De Chartreuzemeersen en de Steenbrugse Bosjes liggen op het grondgebied van Oostkamp.

Historiek. Menselijke activiteiten zijn reeds vast te stellen sinds het Mesolithicum (10.000-6.000 voor Christus), de vindplaatsen zijn te situeren aan de rand van, of op de dekzandruggen. Uit de daarop volgende perioden bestaan slechts losse vondsten uit het laat-Neolithicum-vroege Bronstijd (circa 4.800-3.500 voor Christus) en uit de Metaaltijden (3.088 voor heden-circa 57 voor Christus). Uit de Vroege Middeleeuwen (5de-8ste eeuw) zijn noch archeologische gegevens noch historische bronnen teruggevonden. Tijdens de Volle Middeleeuwen (9de-12de eeuw) verschijnt de oudste vermelding (1187) van Assebroek onder vorm van "Gilbertus de Ascebroc". Enkele fragmenten van rood beschilderd aardwerk uit de 10de-12de eeuw werden gevonden in het aanpalend gehucht Steenbrugge (voormalig Odegem).
Tijdens de Late Middeleeuwen (13de-15de eeuw) ondergaat het landschap een systematische ontginning door grote hoeves en kloosters. Het krijgt het uitzicht van een cultuurlandschap met vrij regelmatig perceleringspatroon waarin blokpercelen overwegen, duidelijk afgestemd op het wegennet.
De Ferrariskaart (1770-1778) geeft een beeld van een open meersengebied, met centraal een wig van kleine percelen akker, gelegen op de hoger gelegen pleistocene zandrug en met op de oost-, west- en zuidwestrand van het gebied het voorkomen van bos.
In de 19de eeuw verandert dit uitzicht dramatisch door de aanleg van wegen, het graven van grachten, het vervangen van weilanden door akkers, het rooien van bosareaal en het opdelen in kleinere percelen. Het meersengebied krijgt nu een meer gesloten karakter met een mozaïek van akker-, wei en hooilandpercelen en dreven en grachten, afgeboord met bomen.

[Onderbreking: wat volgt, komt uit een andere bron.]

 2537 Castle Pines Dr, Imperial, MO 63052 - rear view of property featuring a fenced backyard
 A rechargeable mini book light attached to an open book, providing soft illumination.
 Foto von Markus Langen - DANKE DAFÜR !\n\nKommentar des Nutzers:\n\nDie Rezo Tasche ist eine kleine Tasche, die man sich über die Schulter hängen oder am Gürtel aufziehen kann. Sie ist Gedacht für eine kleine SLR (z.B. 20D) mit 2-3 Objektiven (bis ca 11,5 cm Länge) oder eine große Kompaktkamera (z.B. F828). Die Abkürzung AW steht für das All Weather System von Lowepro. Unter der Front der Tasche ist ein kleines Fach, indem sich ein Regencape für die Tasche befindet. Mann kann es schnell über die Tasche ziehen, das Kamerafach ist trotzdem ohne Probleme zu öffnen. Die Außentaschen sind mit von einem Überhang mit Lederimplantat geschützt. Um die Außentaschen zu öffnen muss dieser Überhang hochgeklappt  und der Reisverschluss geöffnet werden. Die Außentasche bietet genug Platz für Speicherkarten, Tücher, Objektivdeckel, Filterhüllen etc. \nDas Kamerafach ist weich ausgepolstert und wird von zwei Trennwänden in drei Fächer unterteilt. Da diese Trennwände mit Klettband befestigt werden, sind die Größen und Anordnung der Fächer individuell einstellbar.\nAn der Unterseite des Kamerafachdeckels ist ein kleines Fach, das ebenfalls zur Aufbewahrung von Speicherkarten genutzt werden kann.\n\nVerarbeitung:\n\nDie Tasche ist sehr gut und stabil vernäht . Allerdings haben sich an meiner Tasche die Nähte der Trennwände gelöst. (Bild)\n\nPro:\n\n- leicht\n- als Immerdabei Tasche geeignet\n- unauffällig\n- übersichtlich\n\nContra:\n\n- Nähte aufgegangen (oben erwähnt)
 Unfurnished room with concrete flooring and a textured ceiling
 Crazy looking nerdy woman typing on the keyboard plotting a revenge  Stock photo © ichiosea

Het Sint-Trudoledeken verwijst naar de Sint-Trudo-abdij (cf. Sint-Trudostraat) die ook belangen had in het meersengebied. De Watering van het Sint-Trudoledeken speelt een belangrijke rol in het tot stand komen van het huidig uitzicht. Deze Watering voert tweederden van het water af in het Zuidervaartje en een derde naar de vaart Gent-Brugge-Oostende. In 1936 voert de Watering belangrijke waterafvoerwerken uit onder meer door het graven van de Hoofdsloot. Mede door het plaatsen van een pompinstallatie wordt het gebied aanzienlijk droger en een groot aantal graslanden vervangen door akkerland.
In 1950 wordt de circulaire structuur in de Assebroekse Meersen ontdekt. In 1959 wordt de Olmendreef beschermd als landschap.

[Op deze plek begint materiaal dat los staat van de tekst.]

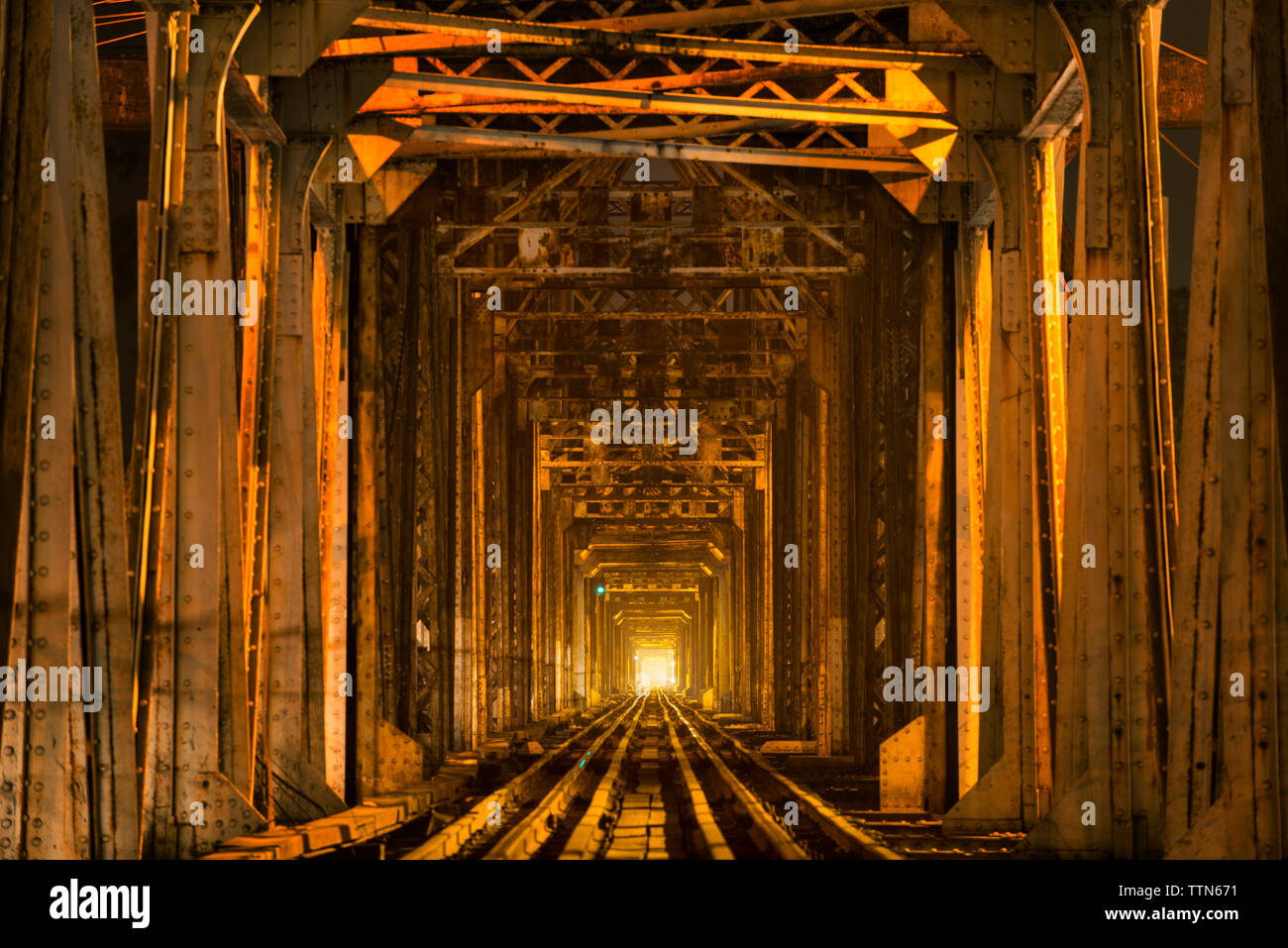 Railroad track in illuminated tunnel Stock Photo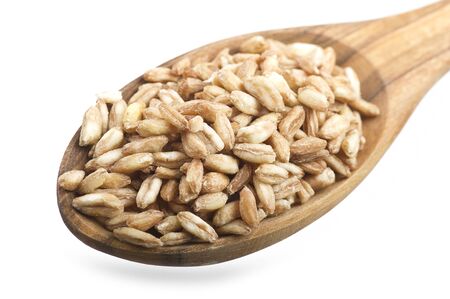 Spoon of Raw Organic Spelt Grain close up on the whiteの写真素材
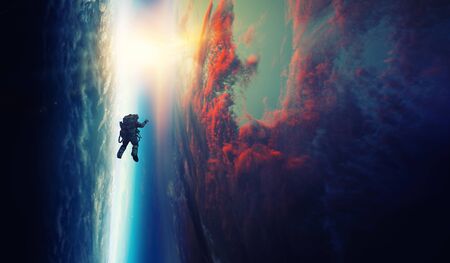Spaceman and planet, human in space conceptの写真素材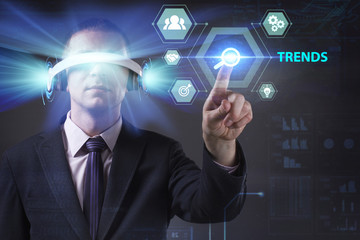 Business, Technology, Internet and network concept. Young businessman working in virtual reality glasses sees the inscription: Trends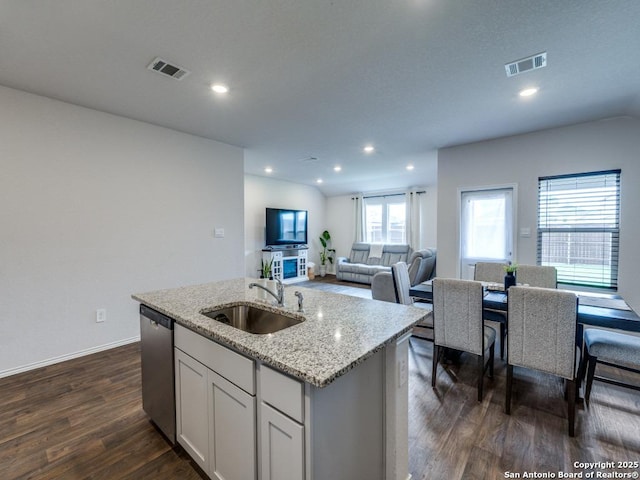 kitchen featuring recessed lighting, stainless steel dishwasher, a sink, visible vents, and dark wood-type flooring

De in onbruik geraakte spoorweg wordt in het begin van de jaren 1960 uitgebroken. Ook de tramlijn wordt in die periode opgegeven.
In 1976 volgt de bescherming van de circulaire structuur in de Assebroekse Meersen.
De oude spoorwegbedding wordt in het begin van de jaren 1980 aangelegd als fiets- en wandelpad.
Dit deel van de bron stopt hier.